若者の”○○離れ”が深刻…というニュースが定期的に報じられるようになってしばらく経ちますが、
よく見かけるのは”お酒離れ”ではないでしょうか。
飲食業界に携わっていると世間の”お酒離れ”は定期的に話題に上がってきます。
地方にある小さいレストランのいちソムリエから見た、”お酒離れ”について感じたことを書いてみようと思います。
目次
世間の”お酒離れ”は本当か?
お酒離れをどう定義するかが大変難しいところなので、ここ数年の間に感じた変化を、
あくまで“飲食業に携わる一個人の感想”として書いていきます。
私はとある地方都市のレストランに勤務しているのですが、ここ数年の間に店全体のアルコールを提供する量が減ったか と言われると、私の勤務するお店ではあまり変化は無い…というのが正直な感想です。
自治体の要請に従ってお酒を提供しなかった期間を除いては、若い方もそうで無い方もお酒を召し上がる方は変わらず召し上がっており、「家で飲むとかえって量が増えてしまう…」とおっしゃる方も居ました。
ここ2年程は飲食店に対する時間短縮要請やお酒の提供自粛などで、どのお店もかなり影響を受けたと思いますし、飲食店とひとことに言ってもその業態は様々で、受けた影響もその規模によるところなので一概には言えませんが、ここ数年の間に”お酒離れ”という一言では表現しきれない、ライフスタイルや考え方の大きな変化があったように感じます。
飲み方とシチュエーションの多様化
お酒離れというよりは、お酒を飲むシチュエーションが多様化した事と、飲む人も飲まない人もお互いの飲める量を尊重し、受け入れる流れが強くなったように感じています。
私の勤務するお店では、ご時世も後押しして週末の大人数でのご予約は激減しました。
ですが、平日に少人数やお一人でいらっしゃるお客様がとても増え、お酒を召し上がる方もそうでない方も、それぞれにお店で過ごす時間を楽しんでおられます。
レストランではワインの他に、ノンアルコールドリンクとのペアリングコースがあるのはもはや当たり前ですし、これまではメニューに載せていてもほとんど頼まれなかったノンアルコールカクテルのご注文をいただく機会も以前と比べてかなり多くなりました。

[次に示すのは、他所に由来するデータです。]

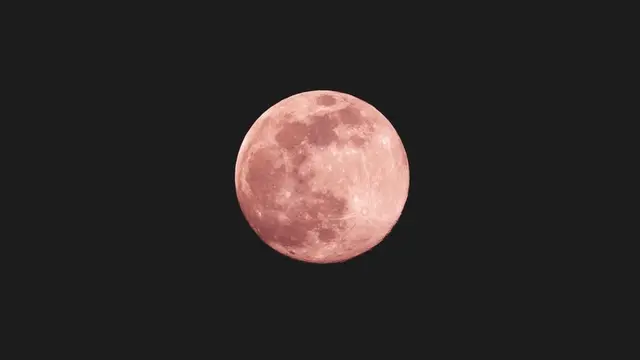 Ilustrasi warna pink.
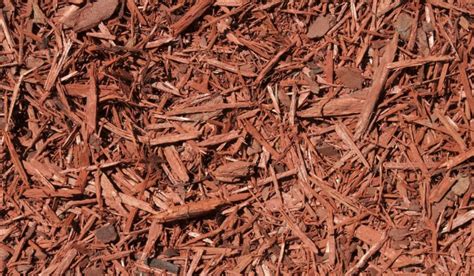 How Cedar Mulch Can Help You Repel Bugs In Your Garden Your Diy Backyard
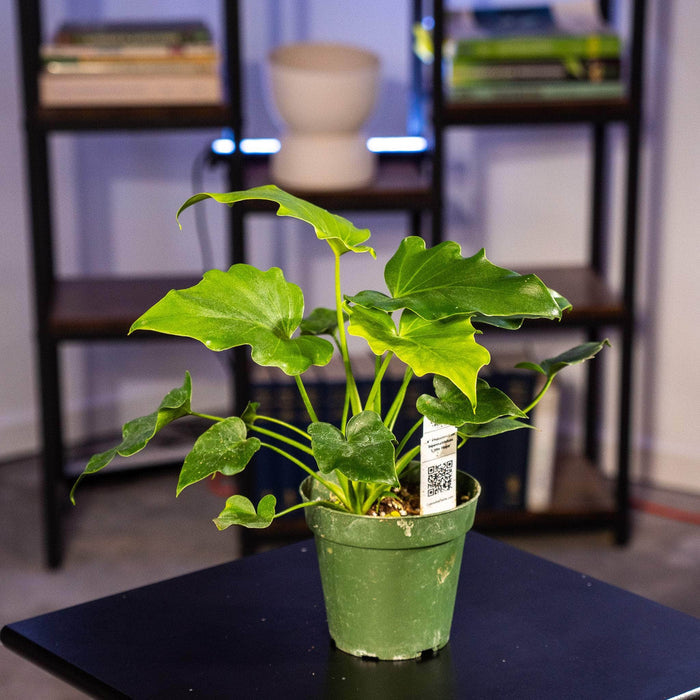 Gabriella Plants Philodendron 4" Philodendron bipinnatifidum 'Little Hope'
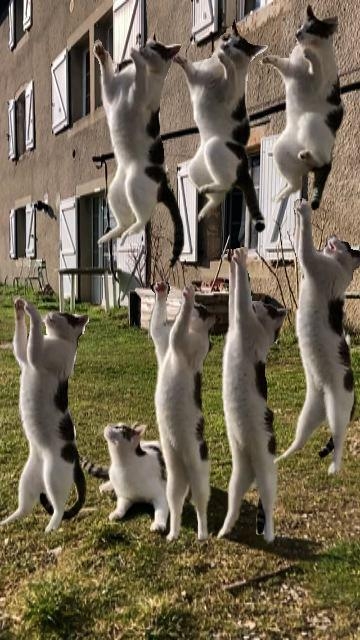 Garden party.jpg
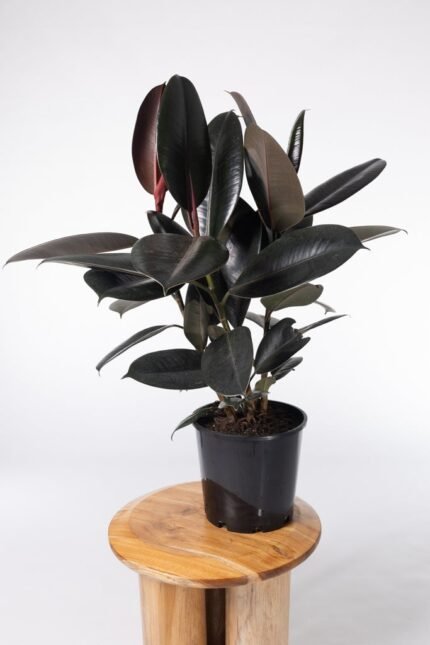 Black Rubber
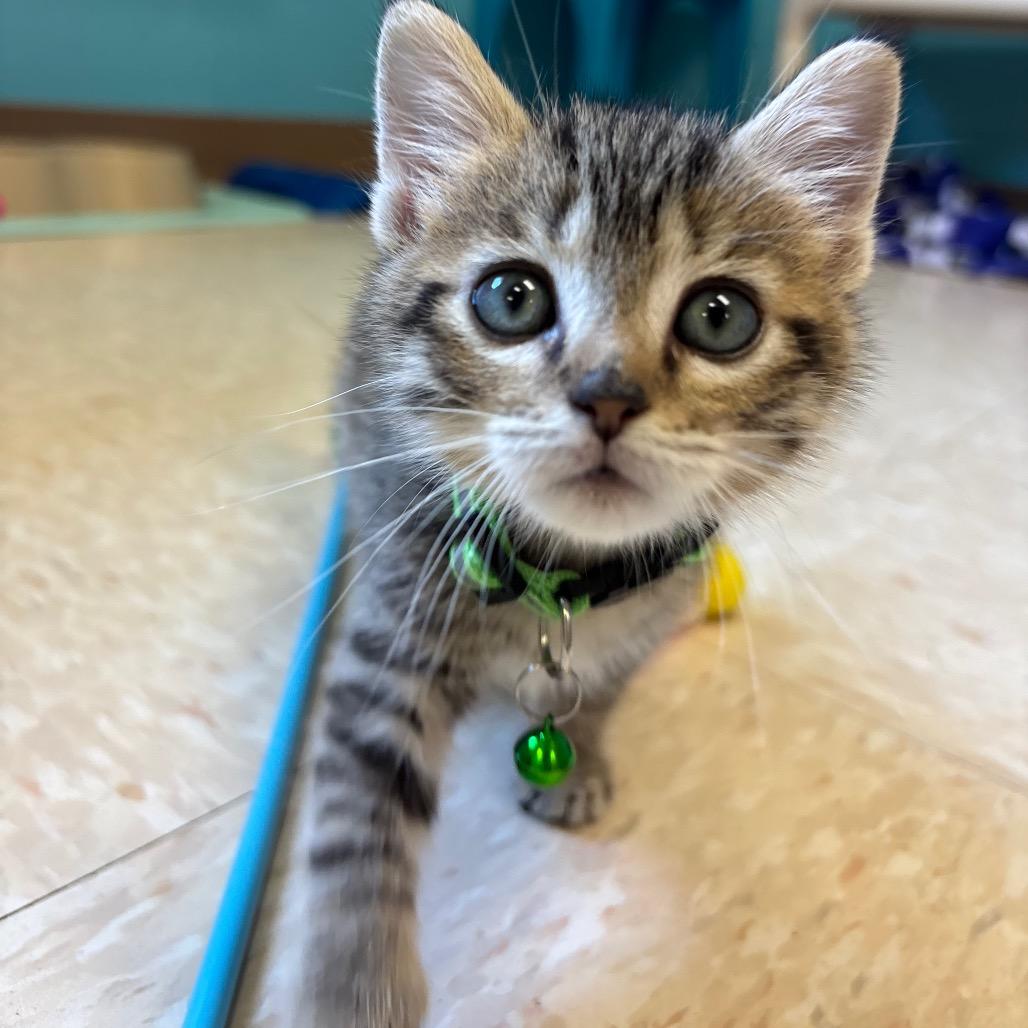 Enlarge Rico Suave, a Adoptable Domestic Short Hair in Roxboro, NC image 3/5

わざわざ集まることもせず、好きなお店のお料理をテイクアウトしてオンラインで仲間と楽しむというのが一般的になったのも大きな変化の一つですよね。
飲む人も飲まない人も お互いを尊重するお酒の飲み方
お酒離れによって自分好みのお料理とお酒の組み合わせを見つけた時の感動や、お酒が持つ素晴らしい歴史や文化を知る機会が減ってしまうのであればそれは残念だと思いますが、体感的には決してそんなことにはなっていないように感じます。
お酒を飲む方も飲まない方も個々の好みを大切にし、良い時間を過ごせるならこんなに良いことはないですよね。
お酒を扱う業界全体の消費は減っているのかもしれませんが、飲む人も飲まない人もお互いの適量を尊重し合えば、お酒の席はより楽しく充実したものになると思います。
飲めない私もワインは好きなので、ワインの美味しさを少しでもお伝えするため日々勉強していきます。
まだまだ油断できない状況は続きますが、多様化したより良いお酒ライフを楽しんでいきましょう。
最後までお読みいただきありがとうございました。